_Exercise requirements_.
After locating the line with "9141592 Pine green" in the data that follows, return it and every later line exactly, up to and including the line with "Tommy Bahama Clear Acrylic Drinkware Set".

Crawled caption data

········

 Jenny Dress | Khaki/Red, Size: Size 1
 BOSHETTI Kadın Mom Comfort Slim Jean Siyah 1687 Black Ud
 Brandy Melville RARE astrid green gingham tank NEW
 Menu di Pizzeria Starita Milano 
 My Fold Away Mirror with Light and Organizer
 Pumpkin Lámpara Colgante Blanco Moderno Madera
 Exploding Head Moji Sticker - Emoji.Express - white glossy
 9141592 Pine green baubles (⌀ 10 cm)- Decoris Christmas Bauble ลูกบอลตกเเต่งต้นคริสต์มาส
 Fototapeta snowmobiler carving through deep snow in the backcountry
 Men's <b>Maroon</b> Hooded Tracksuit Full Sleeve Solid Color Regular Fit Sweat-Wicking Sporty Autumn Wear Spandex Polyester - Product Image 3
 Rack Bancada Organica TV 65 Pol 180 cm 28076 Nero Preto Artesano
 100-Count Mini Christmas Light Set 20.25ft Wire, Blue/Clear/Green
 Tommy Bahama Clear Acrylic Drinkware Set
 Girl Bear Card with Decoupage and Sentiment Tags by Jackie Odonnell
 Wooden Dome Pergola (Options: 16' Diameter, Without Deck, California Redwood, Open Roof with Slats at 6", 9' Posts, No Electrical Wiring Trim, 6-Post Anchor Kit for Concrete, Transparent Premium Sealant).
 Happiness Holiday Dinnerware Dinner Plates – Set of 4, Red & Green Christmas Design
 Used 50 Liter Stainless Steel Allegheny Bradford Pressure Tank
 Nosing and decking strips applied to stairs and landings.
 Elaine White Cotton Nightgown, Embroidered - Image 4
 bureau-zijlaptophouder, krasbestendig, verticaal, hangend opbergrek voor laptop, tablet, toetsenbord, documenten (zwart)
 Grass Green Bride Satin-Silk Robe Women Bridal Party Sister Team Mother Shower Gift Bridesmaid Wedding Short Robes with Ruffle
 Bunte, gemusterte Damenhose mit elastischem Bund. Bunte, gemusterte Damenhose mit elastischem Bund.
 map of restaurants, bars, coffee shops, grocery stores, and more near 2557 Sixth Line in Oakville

········

_Solution below_.
 9141592 Pine green baubles (⌀ 10 cm)- Decoris Christmas Bauble ลูกบอลตกเเต่งต้นคริสต์มาส
 Fototapeta snowmobiler carving through deep snow in the backcountry
 Men's <b>Maroon</b> Hooded Tracksuit Full Sleeve Solid Color Regular Fit Sweat-Wicking Sporty Autumn Wear Spandex Polyester - Product Image 3
 Rack Bancada Organica TV 65 Pol 180 cm 28076 Nero Preto Artesano
 100-Count Mini Christmas Light Set 20.25ft Wire, Blue/Clear/Green
 Tommy Bahama Clear Acrylic Drinkware Set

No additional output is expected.